To ensure credible leadership for SOEs, Zondo recommended some dramatic changes to their selection and appointment processes. Ramaphosa responded by committing to a “Guide for the Appointment of Persons to Boards and Chief Executive Officers of State-Owned and State-Controlled Institutions”, which he said would be for independent panels of relevant stakeholders and experts to consider when nominating suitable candidates to the relevant minister.

Furthermore, the Companies Act is to be amended to allow for applications for a director to be declared delinquent to be brought even two years after the end of their directorship, which is currently not the case. This is a victory for civil society organisations like Corruption Watch (CW), which seek to hold those in positions of power accountable to the public.

CW is currently involved in litigation aimed at declaring several former Eskom board members of the time under review by the commission.

Changes to intelligence function

Intelligence is another function of government where changes are coming. These will address the ideological changes to its mandate that Zondo heard, in evidence, were instrumental to the formation of, and later destabilisation of the State Security Agency (SSA).

The response to the recommendations of both the commission and before the high level review panel headed by former cabinet minister Sydney Mufamadi is the General Intelligence Laws Amendment Bill, which is being drafted.  It will “disestablish the SSA and establish a domestic intelligence service and foreign intelligence service in accordance with the Constitution, and strengthen oversight by the Inspector General of Intelligence, the Joint Standing Committee on Intelligence and the Auditor-General of South Africa.”

In addition to this, the review of the Intelligence Services Act, which is also underway, will “give practical effect to the principle that no member of the executive responsible for intelligence may be involved in the operational matters of the SSA.”

During the course of oral evidence, Zondo heard from former leadership of how back in 2009 the country’s intelligence sector was repositioned for a paradigm shift from national to state security by then president Jacob Zuma.

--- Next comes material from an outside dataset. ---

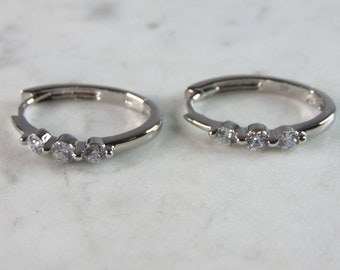 Womens Vintage Estate Sterling Silver CZ Earrings 4g E2564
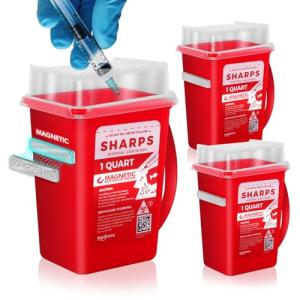 Medvera Magnetic Sharps Container - 3-Pack, Leak-Proof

This period also marked the establishment of the SSA, which according to the former director-general Jeff Maqetuka, saw interference from the executive.

Lacking in accountability

While Ramaphosa’s plans for intelligence are generally positive, he has not made a public announcement on the fate of two deputy ministers with direct links to adverse findings on the SSA. Deputy minister of state security Zizi Kodwa was alleged to have benefited unduly from state contracts held by IT giant EOH while he was an office bearer of the ANC. He has denied that he received kickbacks in the form of cash and luxury holidays in exchange for his influence over the award of the contracts, but Zondo found differently.

In the case of current deputy minister of human settlements, David Mahlobo, he was accused of having overseen the plundering of the SSA of millions in cash that remains unaccounted for. He too has denied these allegations.

Leaders of integrity

In his response, Ramaphosa acknowledges that members of the executive in both national and provincial governments must be individuals of integrity who comply with the law, but does not make clear action against those who have been found by the commission to have breached their oath of office.

“The President will undertake a review of the positions of those members of his executive implicated in wrongdoing in the report and determine, on a case by case basis, in line with his discretion in this regard and his obligation to observe the principle of legality and to act rationally, whether or not any action ought to be taken.”